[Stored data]
━━━

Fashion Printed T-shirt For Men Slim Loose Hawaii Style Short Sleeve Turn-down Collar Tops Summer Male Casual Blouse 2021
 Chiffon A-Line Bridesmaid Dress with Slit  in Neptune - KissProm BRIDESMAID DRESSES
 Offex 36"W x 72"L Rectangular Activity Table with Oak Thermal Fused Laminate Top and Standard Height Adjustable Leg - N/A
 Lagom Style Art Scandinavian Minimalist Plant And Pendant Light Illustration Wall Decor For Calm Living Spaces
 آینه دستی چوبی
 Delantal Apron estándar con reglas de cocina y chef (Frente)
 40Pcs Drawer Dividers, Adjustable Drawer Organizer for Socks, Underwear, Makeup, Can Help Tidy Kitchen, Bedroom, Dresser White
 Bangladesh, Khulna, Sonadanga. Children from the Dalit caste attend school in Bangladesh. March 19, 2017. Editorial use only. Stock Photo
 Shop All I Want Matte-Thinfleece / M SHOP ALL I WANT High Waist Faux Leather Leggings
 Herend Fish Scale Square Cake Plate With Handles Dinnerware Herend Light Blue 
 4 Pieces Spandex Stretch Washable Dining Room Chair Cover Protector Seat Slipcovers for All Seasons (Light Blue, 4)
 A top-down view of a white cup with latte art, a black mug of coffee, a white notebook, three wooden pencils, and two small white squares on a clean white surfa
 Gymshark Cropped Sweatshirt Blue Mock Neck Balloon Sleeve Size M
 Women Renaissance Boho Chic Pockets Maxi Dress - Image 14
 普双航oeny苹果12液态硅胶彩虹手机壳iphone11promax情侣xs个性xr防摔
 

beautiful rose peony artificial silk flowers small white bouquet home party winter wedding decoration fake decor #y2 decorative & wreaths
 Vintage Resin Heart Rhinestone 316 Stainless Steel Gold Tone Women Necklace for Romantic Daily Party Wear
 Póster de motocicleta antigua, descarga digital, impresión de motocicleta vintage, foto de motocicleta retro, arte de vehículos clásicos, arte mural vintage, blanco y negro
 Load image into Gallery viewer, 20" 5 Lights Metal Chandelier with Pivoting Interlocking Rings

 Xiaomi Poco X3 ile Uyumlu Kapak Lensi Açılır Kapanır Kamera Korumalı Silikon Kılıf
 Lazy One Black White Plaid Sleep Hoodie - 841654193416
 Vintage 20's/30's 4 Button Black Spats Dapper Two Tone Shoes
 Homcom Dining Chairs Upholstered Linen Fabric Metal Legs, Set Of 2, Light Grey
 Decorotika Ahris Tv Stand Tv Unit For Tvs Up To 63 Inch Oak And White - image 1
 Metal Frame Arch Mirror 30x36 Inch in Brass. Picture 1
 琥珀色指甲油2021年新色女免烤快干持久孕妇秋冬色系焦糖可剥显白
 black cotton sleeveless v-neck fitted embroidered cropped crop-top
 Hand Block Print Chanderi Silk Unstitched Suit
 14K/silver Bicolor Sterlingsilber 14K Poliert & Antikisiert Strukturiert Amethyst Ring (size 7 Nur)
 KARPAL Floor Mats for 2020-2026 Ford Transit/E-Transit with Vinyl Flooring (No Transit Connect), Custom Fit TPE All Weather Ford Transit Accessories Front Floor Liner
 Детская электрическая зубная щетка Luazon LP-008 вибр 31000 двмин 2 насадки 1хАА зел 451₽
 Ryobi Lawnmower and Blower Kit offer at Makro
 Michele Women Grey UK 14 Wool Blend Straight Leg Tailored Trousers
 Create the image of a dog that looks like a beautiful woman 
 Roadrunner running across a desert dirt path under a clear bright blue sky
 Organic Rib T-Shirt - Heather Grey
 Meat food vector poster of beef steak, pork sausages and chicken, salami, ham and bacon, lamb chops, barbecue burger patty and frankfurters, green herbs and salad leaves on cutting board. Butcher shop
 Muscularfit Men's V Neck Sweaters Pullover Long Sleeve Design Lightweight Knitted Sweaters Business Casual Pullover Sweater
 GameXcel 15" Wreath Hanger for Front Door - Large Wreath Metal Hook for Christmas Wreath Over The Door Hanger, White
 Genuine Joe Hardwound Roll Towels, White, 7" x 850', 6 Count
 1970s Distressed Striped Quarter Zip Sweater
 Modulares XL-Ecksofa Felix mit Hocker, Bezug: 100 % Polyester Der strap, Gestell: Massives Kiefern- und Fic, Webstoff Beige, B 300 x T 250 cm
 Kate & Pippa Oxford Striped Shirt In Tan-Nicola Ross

━━━

▸ **Directions for this task**: Make a copy of each line in the records that has the word "beautiful".

▸ **Response**:
beautiful rose peony artificial silk flowers small white bouquet home party winter wedding decoration fake decor #y2 decorative & wreaths
 Create the image of a dog that looks like a beautiful woman 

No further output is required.